Problem statement:
Skip every picture while you write out the records below, from the first line through the one that contains "PRADA SAFFIANO METAL BAR CONTINENTAL WALLET", both ends kept.

(Records excerpted from a collection)
--------------------
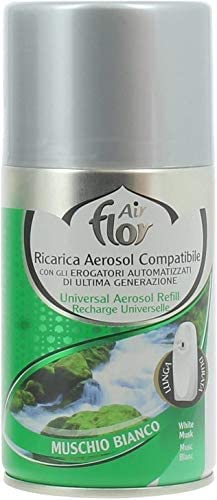 Air Flor 12 PZ, Ricarica Aerosol Universale per Erogatori Automatizzati, Profumo Muschio Bianco, 250 ml [ Totale 3 Litri ]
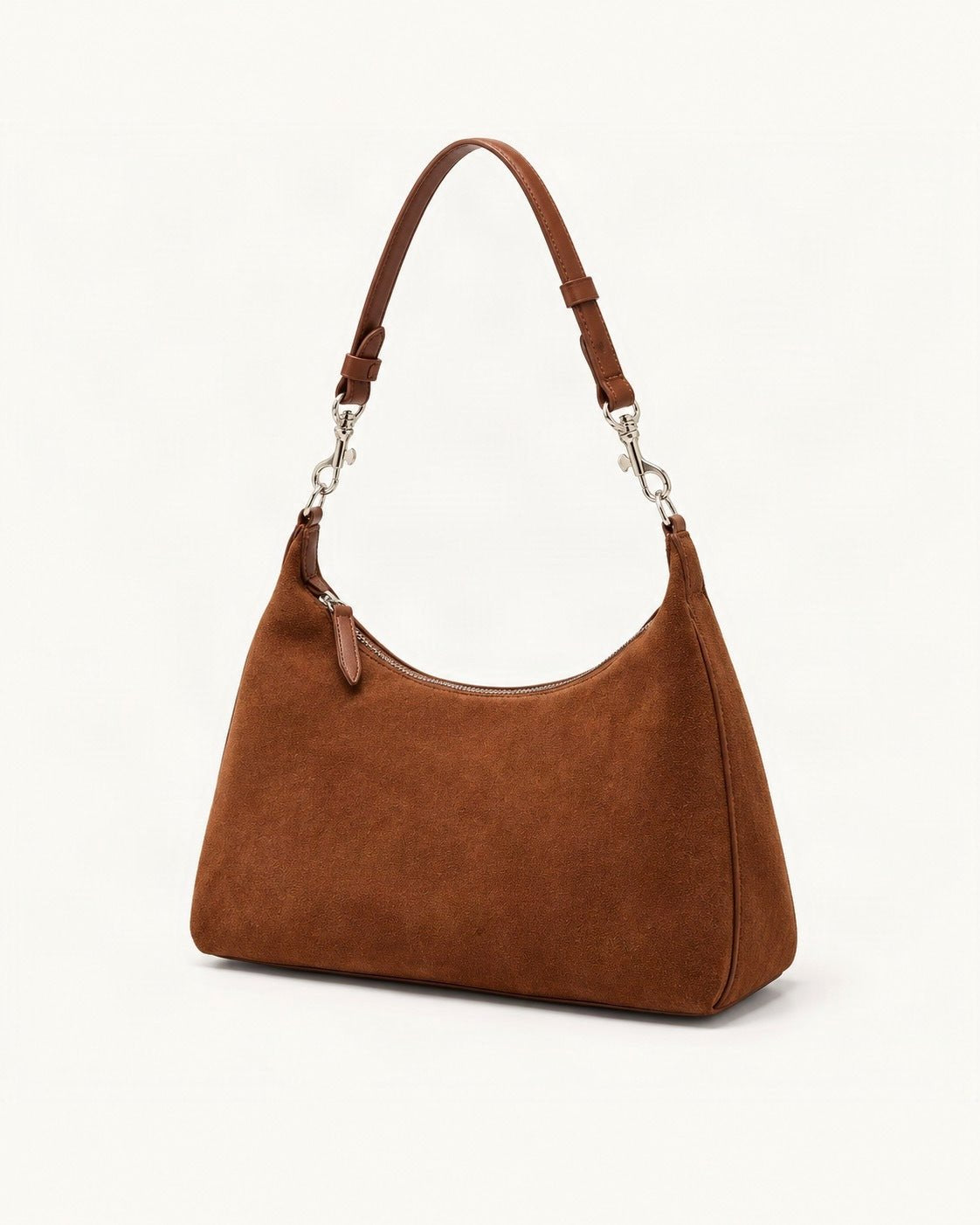 Cowhide Suede-Panel Shoulder Bag — front three-quarter view on a warm white background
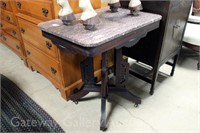 Victorian Eastlake Marble Top Stand:
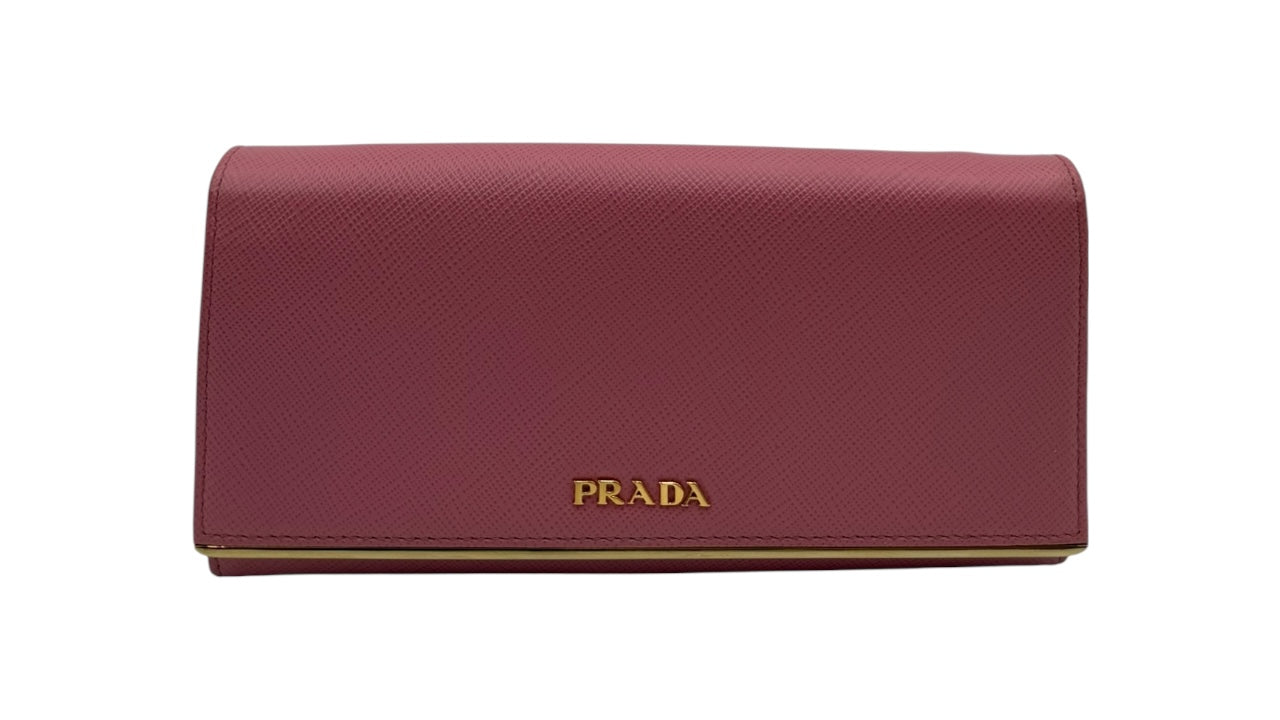 PRADA SAFFIANO METAL BAR CONTINENTAL WALLET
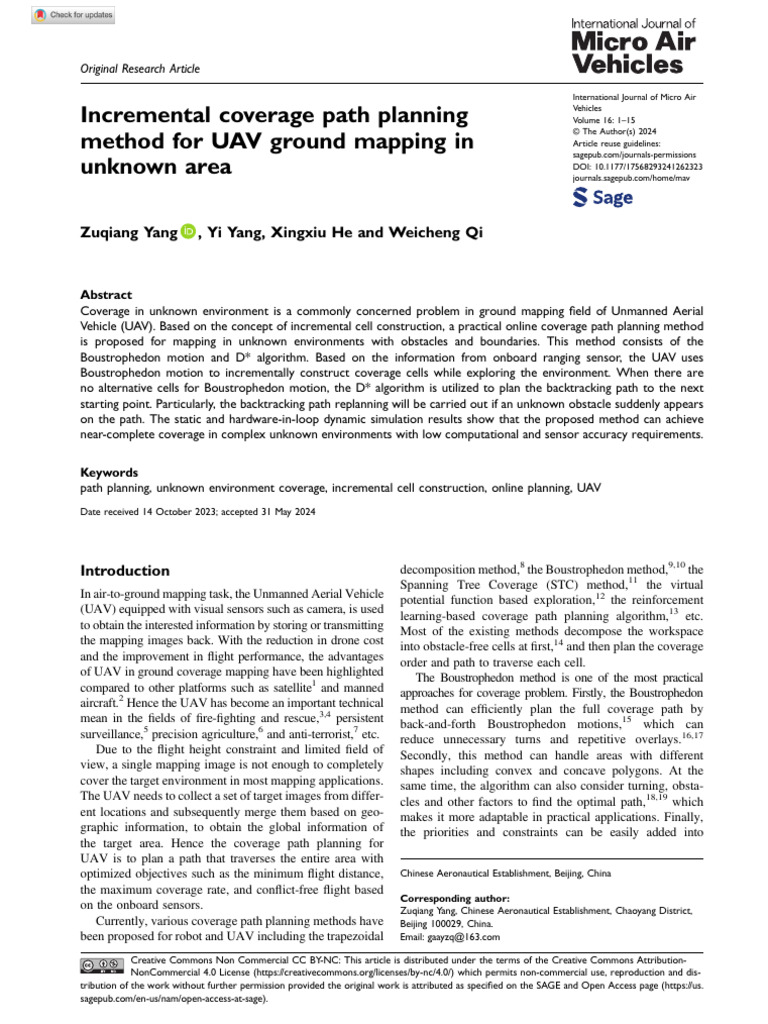 UAV Path Planning for Unknown Mapping | PDF | Unmanned Aerial Vehicle ...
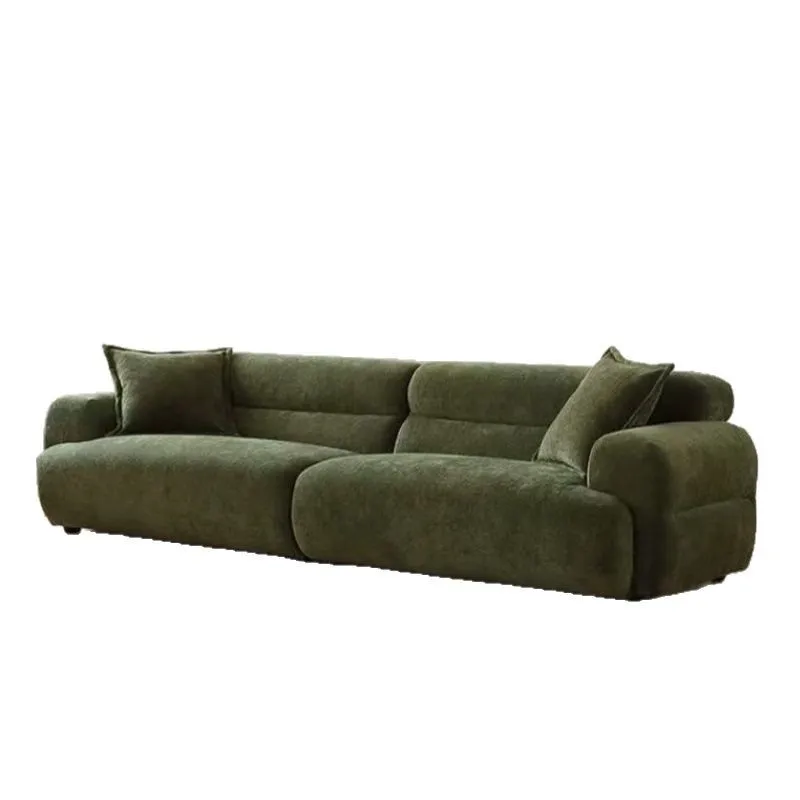 

French retro, small apartment, fabric sofa, modern simplicity, living room straight sofa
--------------------
Task output:
 Air Flor 12 PZ, Ricarica Aerosol Universale per Erogatori Automatizzati, Profumo Muschio Bianco, 250 ml [ Totale 3 Litri ]
 Cowhide Suede-Panel Shoulder Bag — front three-quarter view on a warm white background
 Victorian Eastlake Marble Top Stand:
 PRADA SAFFIANO METAL BAR CONTINENTAL WALLET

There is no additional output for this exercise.